(Caption-style text data)
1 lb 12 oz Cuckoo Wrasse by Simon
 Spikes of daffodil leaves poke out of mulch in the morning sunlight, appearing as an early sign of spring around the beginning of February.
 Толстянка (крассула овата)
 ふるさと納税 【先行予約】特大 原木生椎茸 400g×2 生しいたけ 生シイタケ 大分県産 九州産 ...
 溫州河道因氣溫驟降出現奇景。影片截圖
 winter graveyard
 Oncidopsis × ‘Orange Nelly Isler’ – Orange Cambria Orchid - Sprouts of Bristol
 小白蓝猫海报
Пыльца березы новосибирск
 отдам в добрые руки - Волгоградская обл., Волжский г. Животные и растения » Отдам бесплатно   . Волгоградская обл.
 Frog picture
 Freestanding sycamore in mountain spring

> [WHAT THE TASK REQUIRES] Would you show every line in the data above that contains the string "spring"?

> [YOUR RESPONSE]
 Spikes of daffodil leaves poke out of mulch in the morning sunlight, appearing as an early sign of spring around the beginning of February.
 Freestanding sycamore in mountain spring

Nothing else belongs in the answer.